らくらくISO9001講座


  
ISO9001
2015年版
【建設業編】

灰字は、JISが用いている用語
緑字は、本文にない、この口語訳独自の補足


5章 経営者の仕事
(改訂 2018.01.10)

5.1 経営者の役割
5.2 品質方針
5.3 社員の責任と権限



 5.1 経営者の役割


 5.1.1 経営者が責任を持つこと【コミットメント】

  経営者は、このISO9001に基づく仕組みを、組織のトップとして推進する責任がある。
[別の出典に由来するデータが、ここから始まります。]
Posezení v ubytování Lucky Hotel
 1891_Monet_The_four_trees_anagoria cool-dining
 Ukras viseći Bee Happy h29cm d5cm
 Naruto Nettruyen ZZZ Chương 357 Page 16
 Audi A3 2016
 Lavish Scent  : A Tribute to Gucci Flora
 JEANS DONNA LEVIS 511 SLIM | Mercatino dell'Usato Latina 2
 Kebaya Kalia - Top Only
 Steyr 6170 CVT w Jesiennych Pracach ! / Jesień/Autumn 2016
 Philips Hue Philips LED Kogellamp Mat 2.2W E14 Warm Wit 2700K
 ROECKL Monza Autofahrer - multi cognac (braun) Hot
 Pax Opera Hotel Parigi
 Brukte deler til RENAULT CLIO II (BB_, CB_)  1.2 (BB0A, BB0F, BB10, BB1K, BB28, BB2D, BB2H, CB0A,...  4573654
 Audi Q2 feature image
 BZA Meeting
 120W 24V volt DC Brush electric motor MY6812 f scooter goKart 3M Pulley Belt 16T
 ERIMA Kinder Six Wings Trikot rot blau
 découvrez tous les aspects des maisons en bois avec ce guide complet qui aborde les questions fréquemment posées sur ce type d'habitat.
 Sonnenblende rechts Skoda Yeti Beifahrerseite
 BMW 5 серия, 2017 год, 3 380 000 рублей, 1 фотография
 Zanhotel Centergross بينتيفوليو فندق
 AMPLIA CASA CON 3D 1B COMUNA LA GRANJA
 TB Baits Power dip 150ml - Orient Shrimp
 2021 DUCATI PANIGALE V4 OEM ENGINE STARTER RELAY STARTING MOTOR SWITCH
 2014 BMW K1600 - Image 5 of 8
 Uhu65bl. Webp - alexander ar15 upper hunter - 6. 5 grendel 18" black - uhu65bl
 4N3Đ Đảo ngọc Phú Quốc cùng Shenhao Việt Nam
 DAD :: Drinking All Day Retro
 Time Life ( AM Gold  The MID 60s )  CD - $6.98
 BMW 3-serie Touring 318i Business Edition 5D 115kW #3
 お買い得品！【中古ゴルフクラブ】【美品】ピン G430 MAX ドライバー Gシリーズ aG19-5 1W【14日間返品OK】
そのために、
  経営者は次の項目を行うこと。

a) このISO9001の仕組みによって、どのような結果を出そうとしているかを社員や外部に
   表明していること。【説明責任】
b) 品質方針を決める。各部門に品質目標を決めさせる。
   品質方針・品質目標に、会社が置かれた状況を反映する。また、経営戦略と一致させる。
c) ISO9001に基づく仕組みを、会社の経営の一部として機能させる。
d) 4.4で説明した仕事の仕組み【プロセスアプローチ】を理解するように、会社を指揮する。
  また、リスクを意識して仕事を行うように指揮する
e) 必要な建物や設備を用意し、必要な人を配置するように管理する。
f) 社員に、決められた品質を守ることの重要さを理解させる。
g) この仕組みが、期待した結果を出すように管理する。
h) 仕事の成果が得られるように、社員に行動させる。
i) 仕組みの改善に取り組ませる。
j) 理職が、リーダーシップを発揮し、役割を果たすように指導する。

  <補足説明> 



 5.1.2 顧客を重視すること

   経営者は、顧客を重視する姿勢を、組織のトップとして示すこと。
   そのために、会社に、次のことを実行させること
a)  守るべき顧客との約束や法律をはっきりさせること。それを社員に守らせること。
b)  施工品質や顧客満足に影響する、「リスクへの対策」と「機会を生かすための活動」に
  取り組むこと。
c)  社員に、顧客満足を意識させること。


 



 5.2 品質方針


 5.2.1 品質方針の内容

   経営者は、品質方針を決めること。これに従って会社を運営すること。
   必要な場合には、品質方針を見直すこと。
a) 品質方針は、会社の仕事の内容(建設業)にふさわしいこと。会社を取り巻く状況を反映
  していること。経営戦略に沿っていること。
b) 品質目標を決められるように、具体的なイメージを示すこと。
c) 良い工事を行うことを約束すること。
d) 仕組みの改善に努めることを約束すること。



 5.2.2 品質方針の周知

a) 品質方針を文書で定めること。
b) 社員に品質方針を理解させること。実際の仕事に反映させること。
c) 自社の仕事に関係する人や会社【利害関係者】が希望する時は、品質方針を開示する
   こと。


 



 5.3 社員の責任と権限

   ◆責任を持つ部門や人を決める
それぞれの仕事について、責任を持つ部門や人を決めること。
また、権限をもつ人を決めること(決定をする権限、業務を指示する権限など)。
それぞれの仕事の責任・権限が、関係者に分かるようにすること。

   ◆全体の責任者を決める
以下のことを行う責任者を決めること。
a)  ISO9001に合うように、会社の仕組みを管理する。
b)  それぞれの仕事が、結果に結びつくように管理する。
c)  仕事の結果と、改善の必要性を経営者に報告する。
d)  顧客重視の姿勢を、社員に理解させ、実行させる。
e)  仕組みを変更する時に、問題が起こらないように管理する。